Priorité aux intérêts militaires
Difficile de ne pas constater la frilosité de certains acteurs humanitaires qui ont évacué le Yémen en urgence et qui se questionnent encore sur le modus operandi à mettre en œuvre pour répondre aux besoins des populations. L’accès des organisations humanitaires aux populations et l’accès de ces populations aux services de base reste une responsabilité collective essentielle. Il doit être autorisé et facilité par toutes les parties en conflit au nom de l’impératif humanitaire visant à préserver et protéger les populations civiles. La facilitation de l’accès doit se traduire par des mesures concrètes garantissant, notamment, le respect des travailleurs humanitaires et des solutions d’évacuation rapide.
Difficile de ne pas constater la consolidation des relations entre Riyad et l’État français. Le gouvernement de François Hollande s’enorgueillit des ventes de Rafales aux pays de la coalition plutôt que de faire entendre sa voix pour la protection des civils. Le 24 décembre dernier, le traité sur le commerce des armes entrait enfin en vigueur. Il demande notamment l’évaluation, au préalable, des risques de violation des droits humains et du droit international lors de ventes d’équipements militaires.

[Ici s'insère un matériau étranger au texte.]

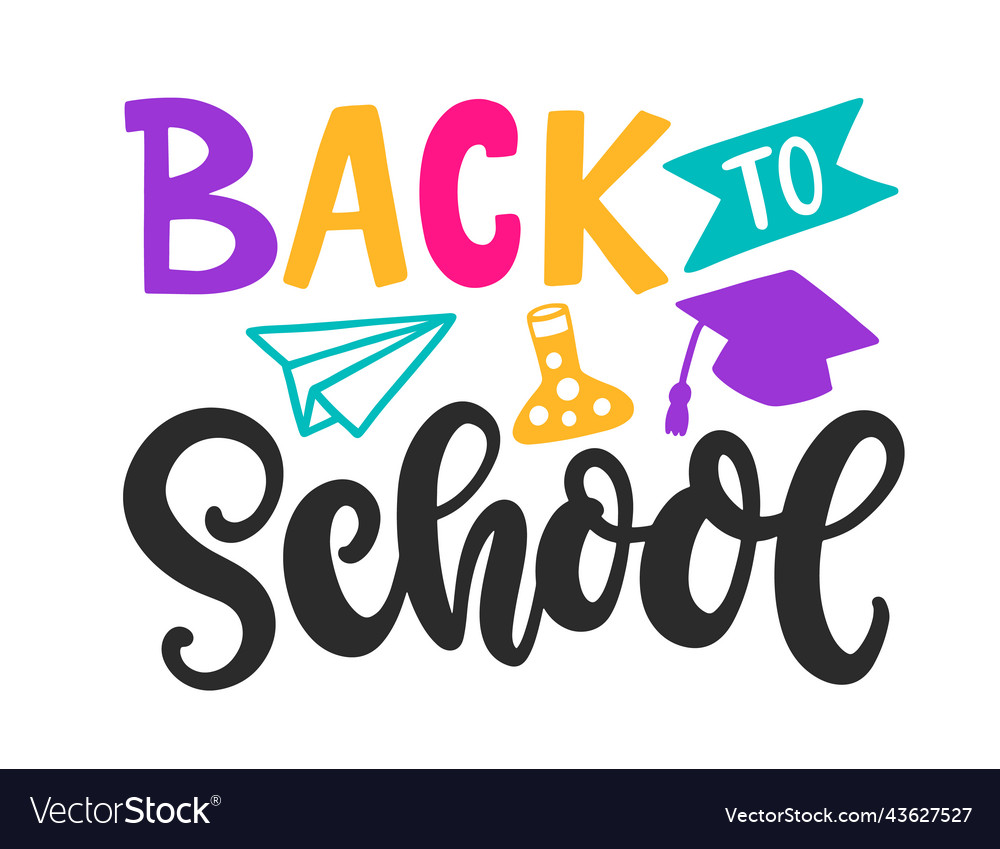 Back to school hand lettering banner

Nous sommes aujourd’hui en droit de nous demander ce qu’il advient des engagements de la France vis-à-vis de ce traité.
De même, l’Union européenne a adopté une position définissant des règles communes régissant le contrôle des exportations de technologie et d’équipements militaires, dans laquelle il est clairement stipulé qu’il ne peut pas y avoir d’exportations vers des pays violant les droits humains.
Les équipes d’Action contre la Faim au Yémen sont témoins au quotidien des effets des bombardements ciblant des zones urbaines densément peuplées et des lieux protégés. L’ampleur des destructions et des pertes humaines soulève clairement la question de la proportionnalité de la force employée. La quantité et l’irrégularité des bombardements sont par ailleurs des obstacles majeurs à la délivrance de l’aide. Aujourd’hui, le Yémen, comme de trop nombreux autres pays, est à la fois une preuve et une victime de la primauté de la logique militaire sur la vie humaine.
Agir pour trouver des solutions
Faut-il alors demander au gouvernement français de justifier ses ventes d’armes ? La diplomatie se résume-t-elle aux seuls impératifs économiques et militaires ?
Faut-il alors dénoncer le mépris affiché des belligérants pour le respect du droit international humanitaire et des droits humains ?
Faut-il alors demander à la coalition menée par l’Arabie Saoudite et soutenue par la France et les États-Unis notamment, de lever immédiatement le blocus de fait dont les civils sont les premières victimes, et qui empêche l’entrée de produits de première nécessité et la libre circulation de l’aide humanitaire ?
Faut-il alors demander un arrêt des hostilités pour protéger les civils et leur venir en aide ?
Faut-il alors demander une augmentation conséquente de l’accès aux populations afin de permettre des actions humanitaires ?
OUI, il le faut. Il faut sortir du silence. Ces 100 jours de conflit voient les négociations de paix pour le Yémen s‘achever le 19 juin dernier sans aucun accord et sans aucune date fixée pour de nouvelles discussions. Il faut que la communauté internationale prenne enfin ses responsabilités pour ne pas abandonner, une fois de plus, les populations victimes de conflit.